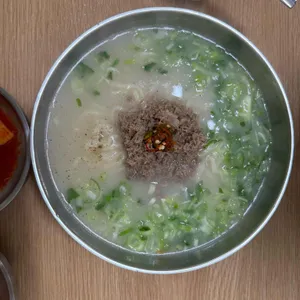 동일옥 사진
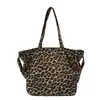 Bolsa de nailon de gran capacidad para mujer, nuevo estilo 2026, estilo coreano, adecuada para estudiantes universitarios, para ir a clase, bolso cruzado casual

━━━━━━━━━━━━━━━━━━━━━━━━━━━━━━

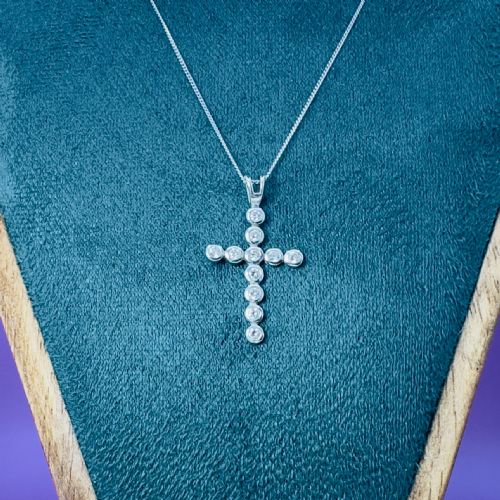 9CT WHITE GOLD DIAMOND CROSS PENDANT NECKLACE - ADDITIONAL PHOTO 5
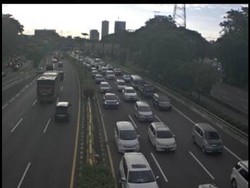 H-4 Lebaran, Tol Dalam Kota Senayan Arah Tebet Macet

━━━━━━━━━━━━━━━━━━━━━━━━━━━━━━

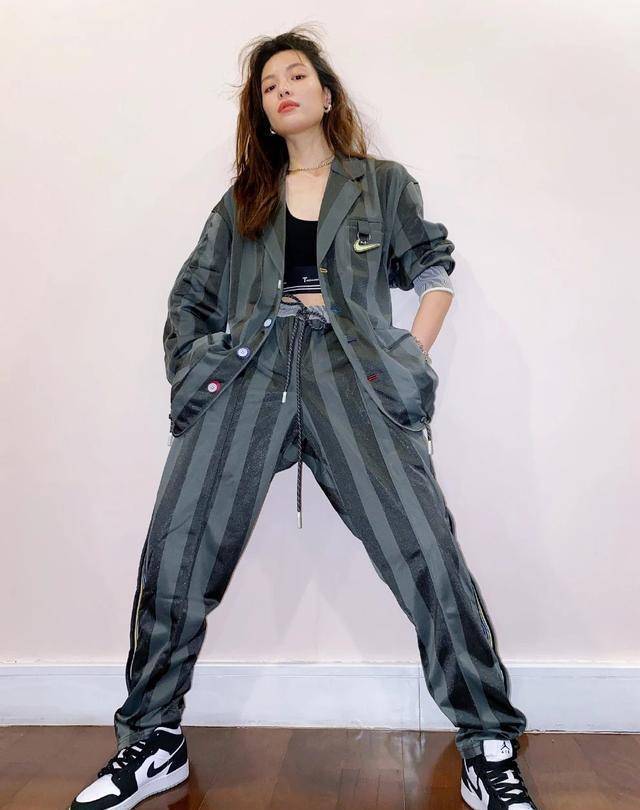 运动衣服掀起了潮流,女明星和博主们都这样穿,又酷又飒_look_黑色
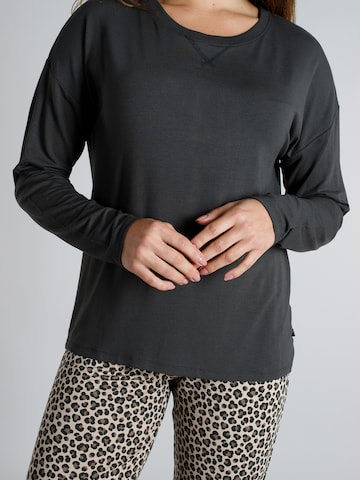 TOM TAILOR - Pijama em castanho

━━━━━━━━━━━━━━━━━━━━━━━━━━━━━━

Exercise directions: Of the lines above, quote exactly those from the one with "运动衣服掀起了潮流,女明星和博主们都这样穿,又酷又飒_look_黑色" through the one with "TOM TAILOR - Pijama em castanho", ends included; pictures stay out.

Written response:
 运动衣服掀起了潮流,女明星和博主们都这样穿,又酷又飒_look_黑色
 TOM TAILOR - Pijama em castanho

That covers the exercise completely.